**WORK ITEM**: Transcribe exactly the lines from the one containing "Cappotto H&M nero" through the end of the data, both included. Leave out pictures.

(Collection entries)
------------------------

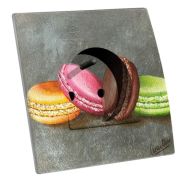 Prise décorée 4 Macarons 2 pôles + terre - Decorupteur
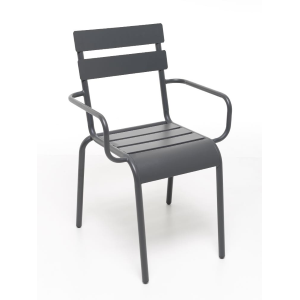 Poltrona Impilabile in Ferro Verniciato a Polvere Antracite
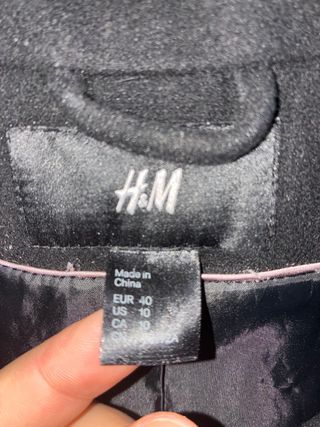 Cappotto H&M nero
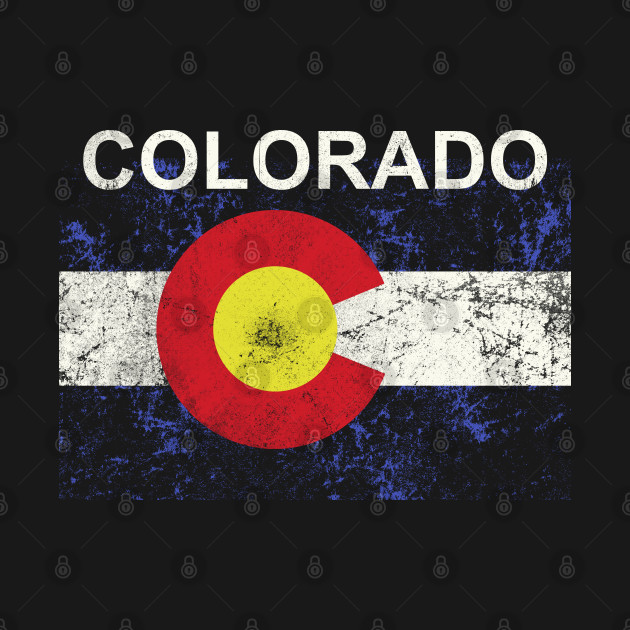 Discover colorado flag vintage - Colorado - T-Shirt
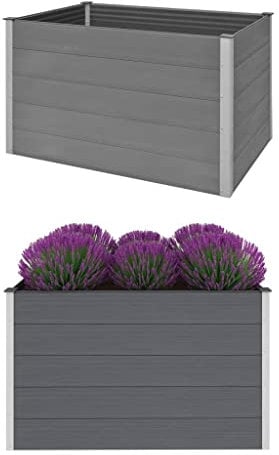 Willood Garten Hochbeet WPC 150x100x91 cm Grau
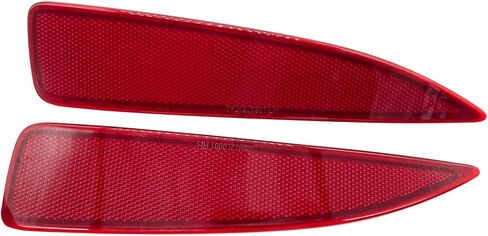 عاكس المصد لسيارة تويوتا ياريس 2012 2013 2014 مجموعة من 2 مصباح خلفي يسار ويمين أضواء ماركر حمراء حواف عدسة in Kuwait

------------------------

**RESPONSE BELOW**:
 Cappotto H&M nero
 Discover colorado flag vintage - Colorado - T-Shirt
 Willood Garten Hochbeet WPC 150x100x91 cm Grau
 عاكس المصد لسيارة تويوتا ياريس 2012 2013 2014 مجموعة من 2 مصباح خلفي يسار ويمين أضواء ماركر حمراء حواف عدسة in Kuwait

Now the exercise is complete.